Anyone in Virginia with access to all this beautiful land must experience it fully. Even the dark history that comes with the territory is an opportunity to learn and grow during this time. The beach is not something you have to purchase a plane ticket to access. You can make the experience what you want. I do not have the funds; if I did, I would do the absolute most. My expectations when traveling range between being a minimalist, extra, boujee, and luxury when I travel.  Do you need some additional encouragement? Check out my newest video on YouTube.

Perfect Weather – Sis, It is not hot, and more importantly, it’s not too cold. 

The weather is not too hot or cold, and you can enjoy the warmth of the sun. I honestly do not care to get in the water. Depending on the temperature, I may place my toe in the water, although there are some benefits for our skin and increased ability to fight infections.  I typically will have my stroller filled with a blanket, beach chair, snacks, journal, diaper bag, and of course, my phone. Sis, please grab you some sunshades because, of course, I forgot mine. It would help if you grabbed some glasses for your little one also because they will take yours for fun.
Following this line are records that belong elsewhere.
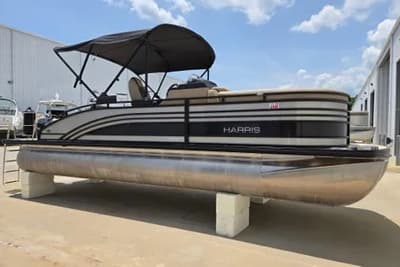 BOATZON | Harris 230 SOLSTICE 2022
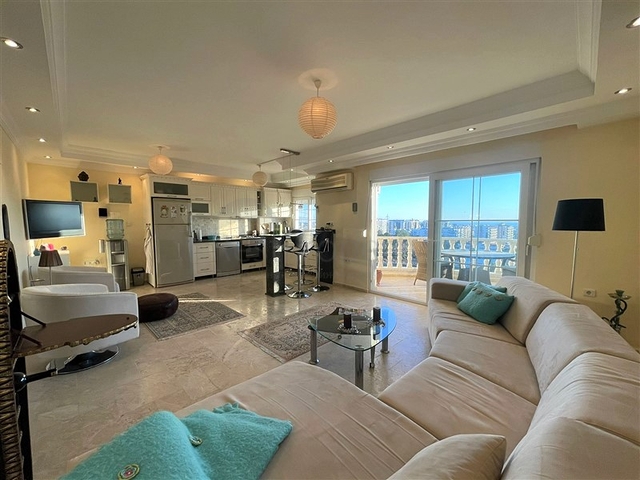 Просторный пентхаус 3+1 в районе Авсаллар с видом на Средиземное море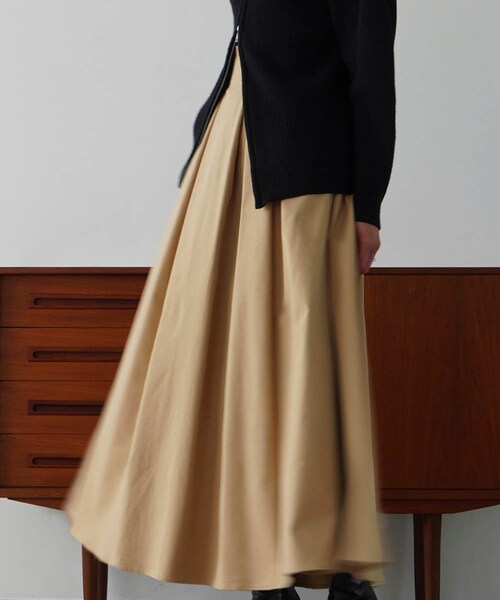 CLANE（クラネ）の「HIGH WAIST VOLUME MAXI SKIRT（スカート・レディース・BLK/BGE/TAN/KHK・0/1）」の2枚目の写真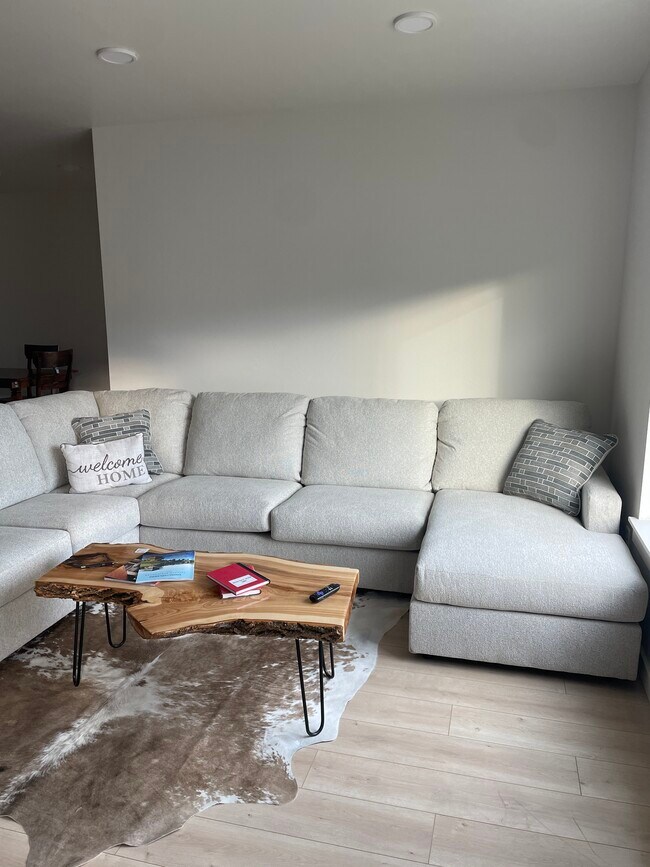 2221 Willow Dr Unit 99, Livingston, MT 59047 Condo for Rent in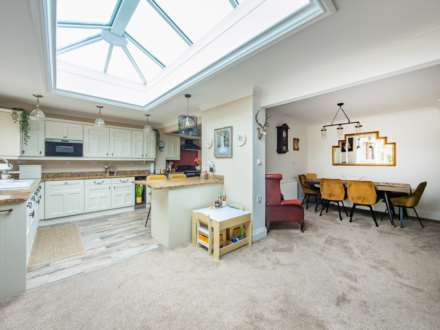 White Lee Road, Batley, Image 4
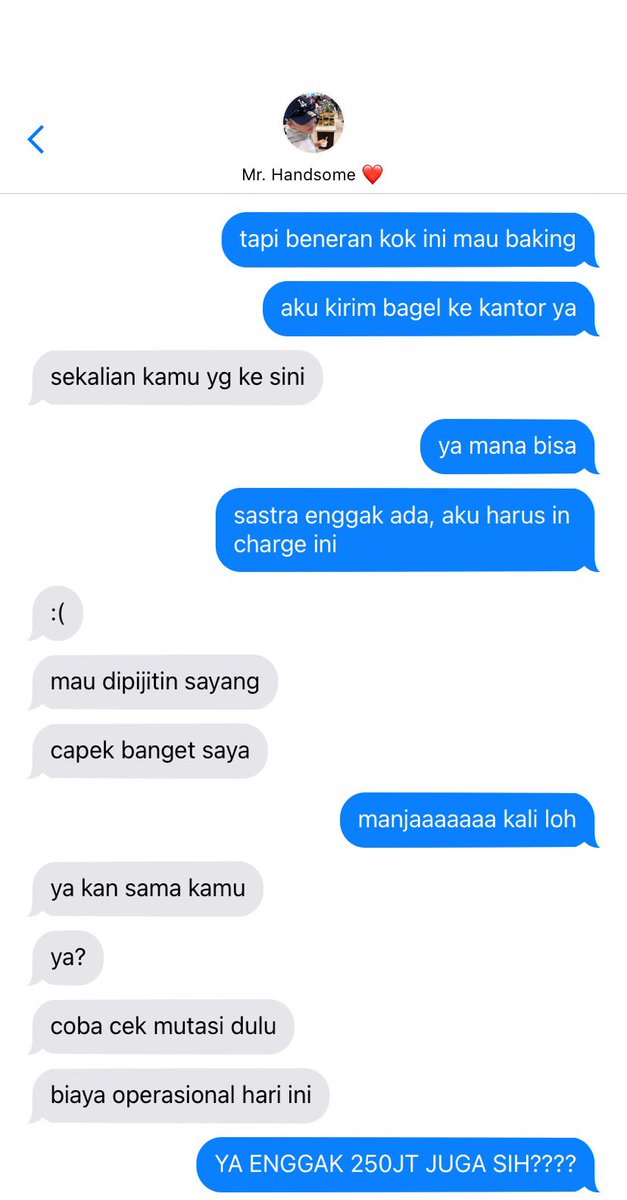 ninemoirai's tweet photo. kalian semua cuma ngontrak guys, termasuk aku sih 😔 https://t.co/sW5lApVR6X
You can pack your lunch, so you do not have to spend on food. Typically I would eat out and enjoy something different. However, as we transition into the end of the year, I am still working on my finances, and this in itself requires next level budgeting. You can eat healthy meals and drink something hydrating at one of the oceanfronts restaurants. You know I am all for some good wine, but the purpose of attending the beach would be to refuel, so it is a great idea to replace your wine with tea, coffee, and or cider for the fall.  Luckily it will not be overly hot

After several hours on the beach, I have completed a full workout for the day. I typically sleep better at night. So take your Pumpkin Spice latte and set up a nice spot on the beach. You are worthy of some time to pause.  Beaching alone and, in some cases taking your little ones with you depending on the circumstances. Anyone one with littles or you are the super auntie’s of the world  who find yourselves overwhelmed with the little ones, maybe you are missing the notion to “Be.” As a result of searching for my Youtube and Blog  name, I decided to use the title, “Shaniece Be.” This is my daily reminder that I must be in the midst of my flaws and all. Did you need the motivation to find unique ways to make your wellness a priority? The beach is your chance to tap into the needs of your mind, body, and soul.